No existing national scheme within the UK confers anything like the same clout – at promotions and appointments committees, for instance – as an ERC grant.

Whether the UK can retain access to the ERC and the rest of the Horizon 2020 programme, and if so on what terms, is just one tiny part of the intricate Brexit negotiations. Perhaps, as much as we can hope for as a community is that the importance of this initiative does appear to have impinged on some ministers’ minds. It does get talked about.

Mobility and migration

Mobility of researchers is in some ways an even trickier problem because worker mobility was such a central plank in the referendum campaigns. (Im)migration is an emotive subject and it is hard to envisage a scheme that enables scientists to travel across EU borders freely while preventing other workers from sharing that luxury.

‘Science is Global’ and ‘Together Science Can’, slogans respectively of the Royal Society (along with other European academies) and the Wellcome Trust, are all very well, but policy may make things much harder than the words can convey.

Again, though, there is some sign of movement, in so far as the salary cap at which a worker may move from one tier of visa to another may be set at a level facilitating movement of postdocs. Perhaps there is a glimmer of light.

So that leaves students as an unknown.
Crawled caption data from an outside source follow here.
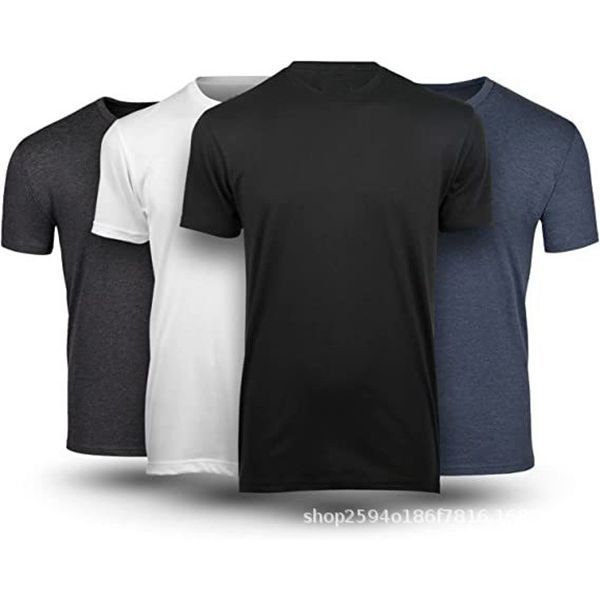 Men's T-shirt Short Sleeve Breathable Sweat Absorbing Short Sleeve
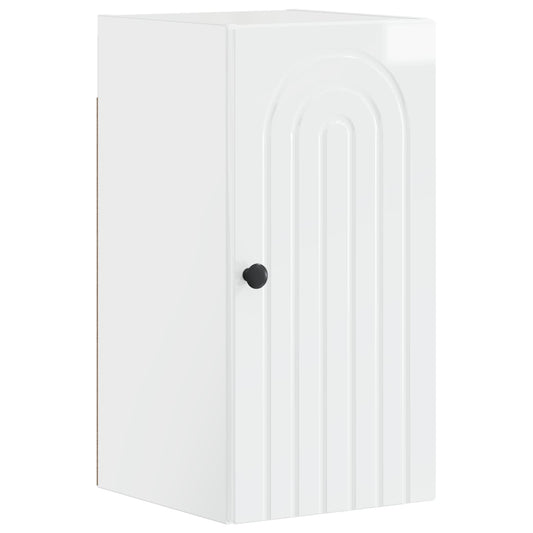 Bathroom Wall Cabinet ALKMAAR High Gloss White 30 x 31 x 59 cm Bathroom Wall Cabinet ALKMAAR High Gloss White 30 x 31 x 59 cm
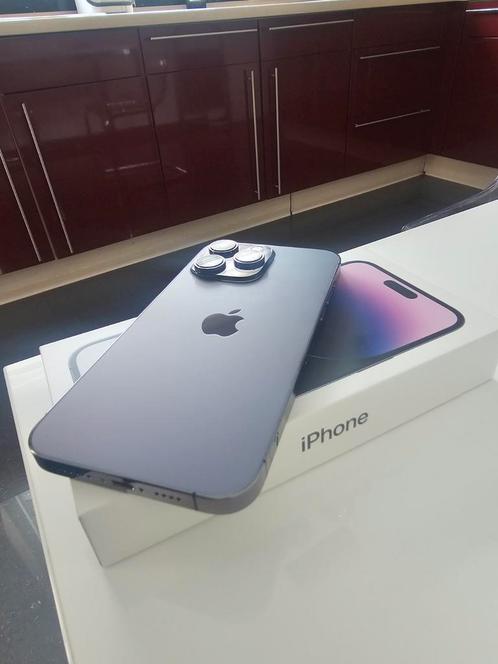 Te koop: iPhone 14 Pro Max 256GB — Paars, Telecommunicatie, Mobiele telefoons | Apple iPhone, Zo goed als nieuw, 256 GB, iPhone 14 Pro Max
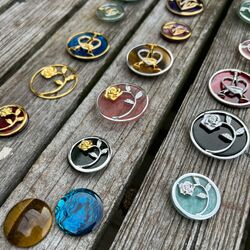 MY iMenso 24 mm insignia Amazonite voor in de mezza medaillons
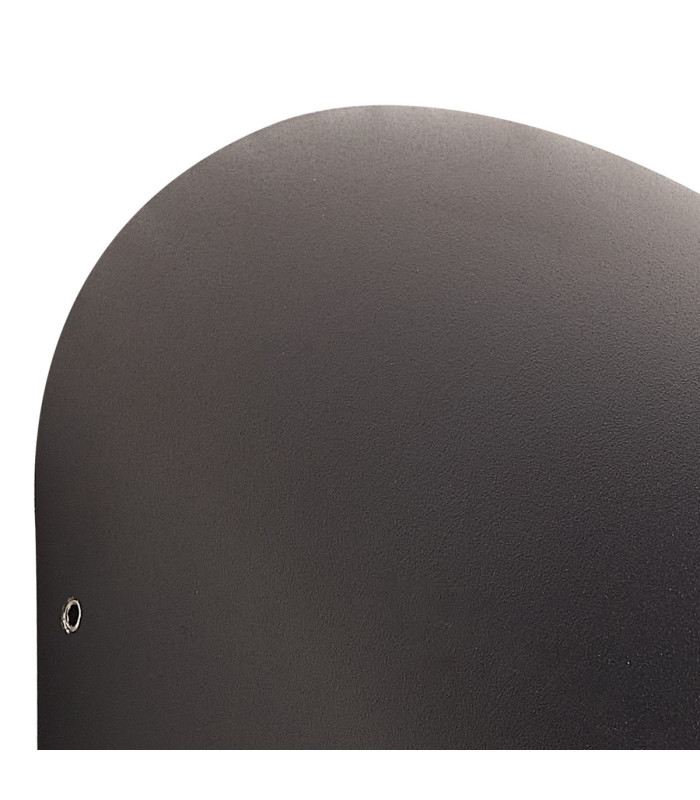 Lodi Wall Lamp 1 x GU10 IP54 Matt Black/Opal -7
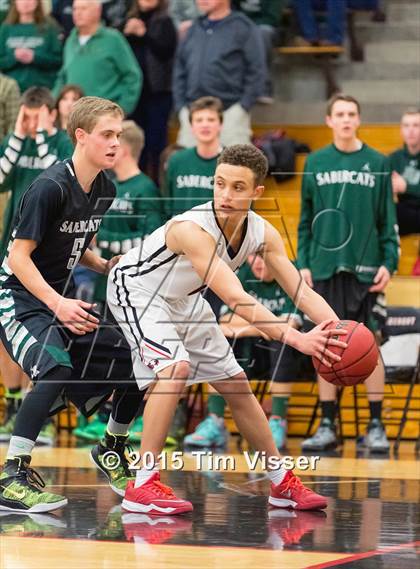 Thumbnail 3 in Eaglecrest vs. Fossil Ridge (CHSAA Sweet 16) photogallery.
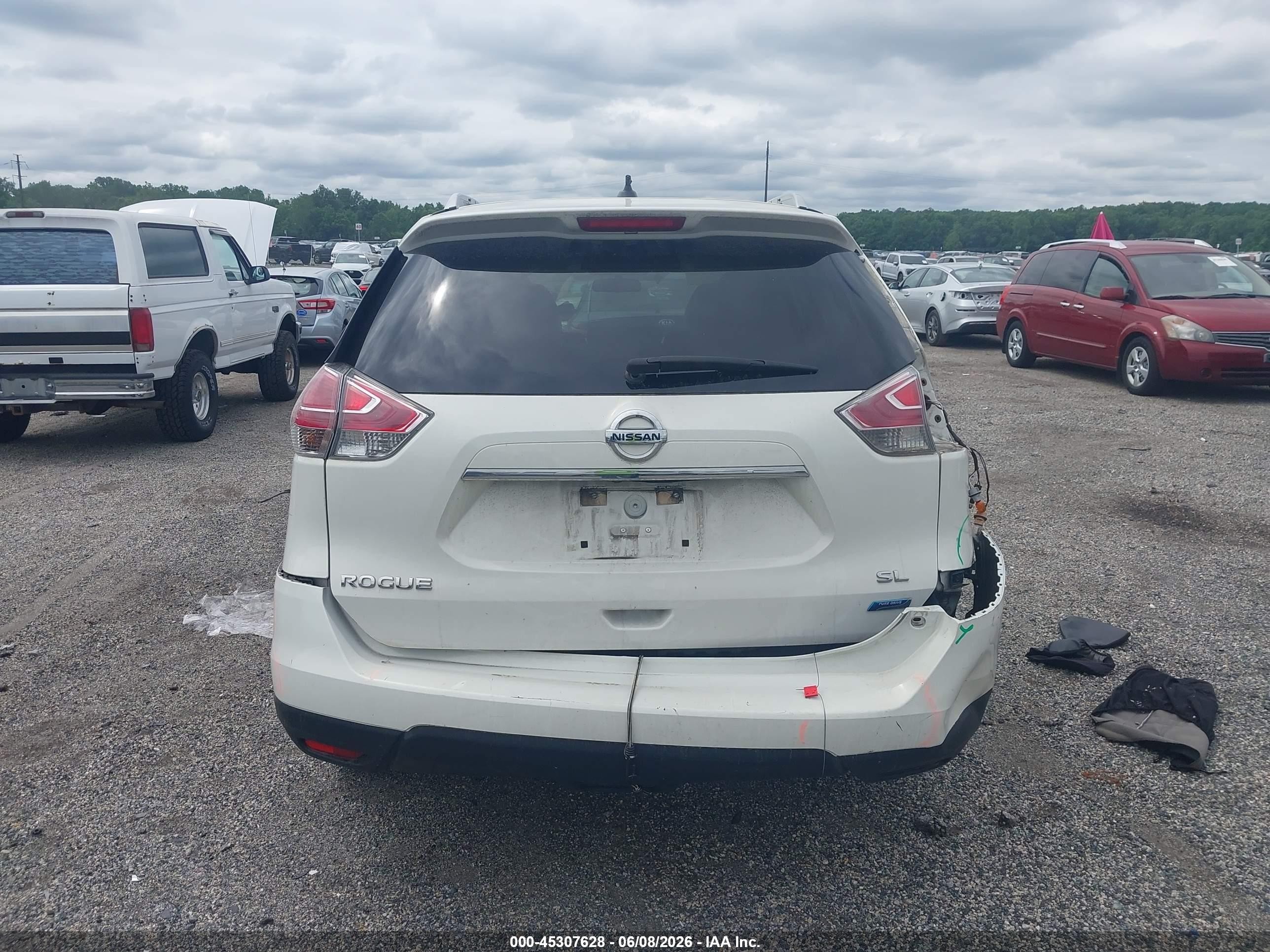 2014 Nissan Rogue Sl Белый vin: 5N1AT2MT4EC827903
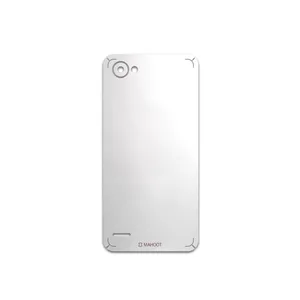 MAHOOT Metallic-White Cover Sticker for LG Q6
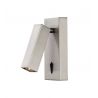 Aplica de perete cu reader LED, Tarifa nickel satinat MA-6071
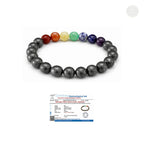7 Chakra Pyrite Bracelet (Lab Certified)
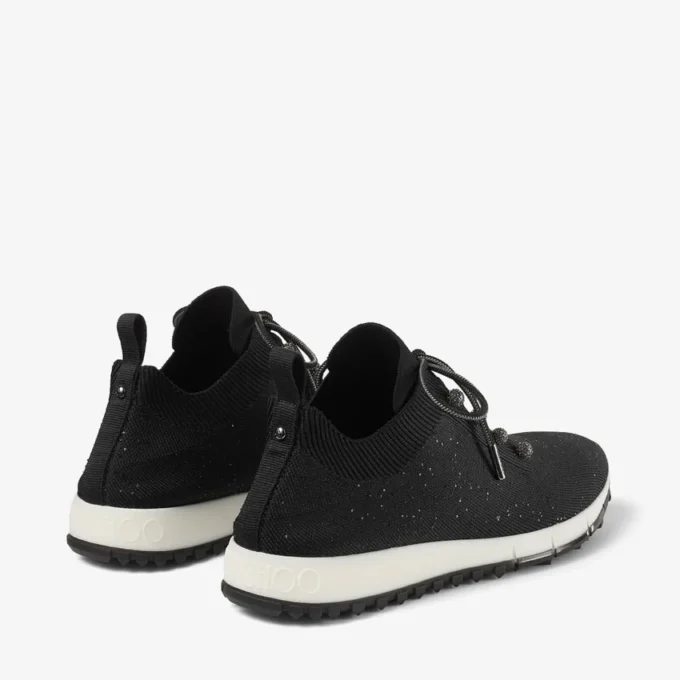 Adidași Veles din tricot negru cu paiete Adidași Veles din tricot negru cu paiete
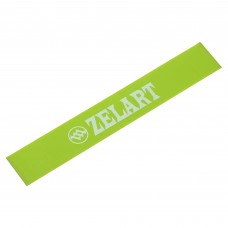 Резинка для упражнений лента сопротивления LOOP BANDS Zelart FI-6220-2 XS салатовий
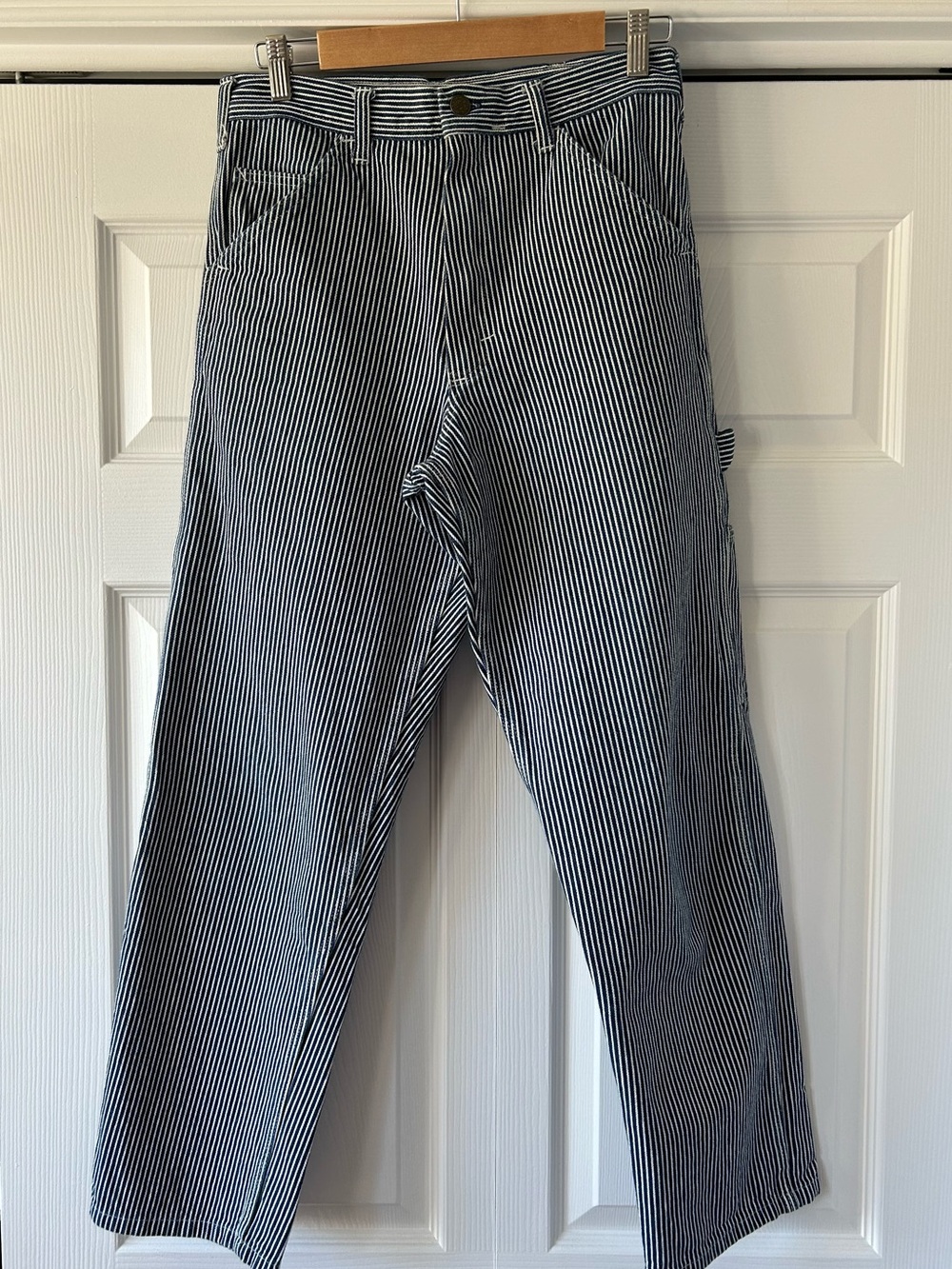 Stan Ray Blue and White Striped Painter Utility Relaxed Pants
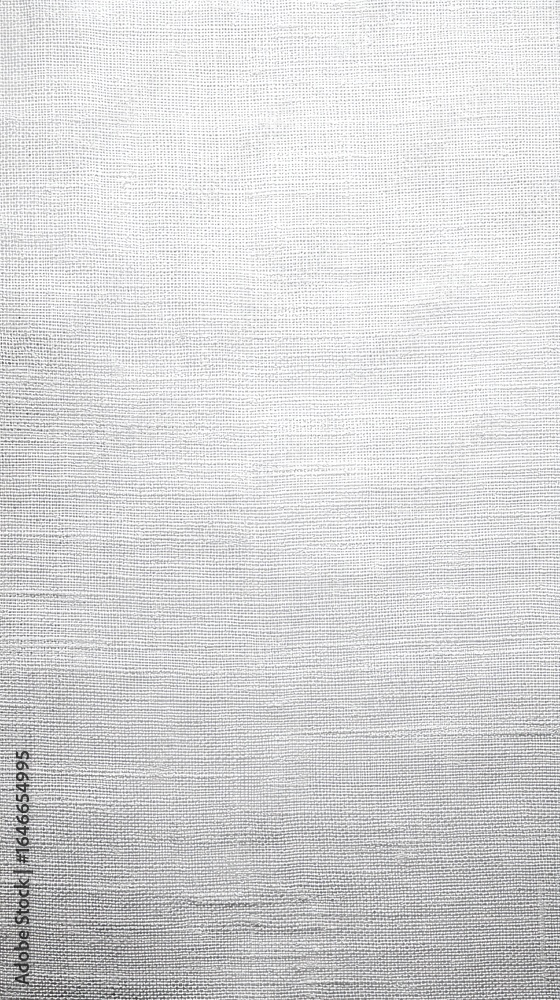 Fototapeta premium Close-up view of a smooth, light gray fabric or metal surface. Fine, subtle horizontal lines are visible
Calculations suggest universities like my own, Cambridge, are not likely to see a dip in income from student fees as the numbers of EU students plummet. Indeed, it is thought we might actually see an increase, with a modest drop in numbers more than offset by an increase in the fees we charge per capita as EU students move to ‘overseas’ fees.

Many UK universities are likely to be much harder hit, although all such calculations can be no more than ‘guesstimates’ for the time being. That students are kept firmly within the immigration cap is an anomaly that it is hard to find anyone exhibiting much enthusiasm for except Prime Minister Theresa May, dating back to her time in the Home Office.

Rigid position

It is both depressing and ironic that, if she had not retained her rigid position on this issue, producing wild rhetoric about numbers outstaying their courses and other misleading ‘statistics’, the referendum results might well have gone the other way: ‘immigration’ numbers would have seemed so much more moderate without the student inclusion.

From these different factors it can be seen that universities are hit with uncertainty – over both numbers and income – from multiple directions. Research is just one part of that messy landscape of confusion.

Individual researchers plough on as best they can. Universities seek to support their researchers as well as they are able, but the future is murky and it is hardly surprising if not only non-UK EU researchers pack their bags – or at least scan the job advertisements and attempt to position themselves for a future beyond these shores – but also UK nationals consider where their future best resides.

On a good day I remain hopeful that the various challenges can be met and the successful research base in the UK, which punches significantly above its weight, will be enabled to continue to do so. But no one is counting their chickens just yet.

Professor Dame Athene Donald is professor of experimental physics at the University of Cambridge, UK, Master of Churchill College and a member of the European Research Council’s Scientific Council. She will give the Sir Hermann Bondi lecture at the Cambridge Festival of Ideas on 23 October on UK research in troubled political times.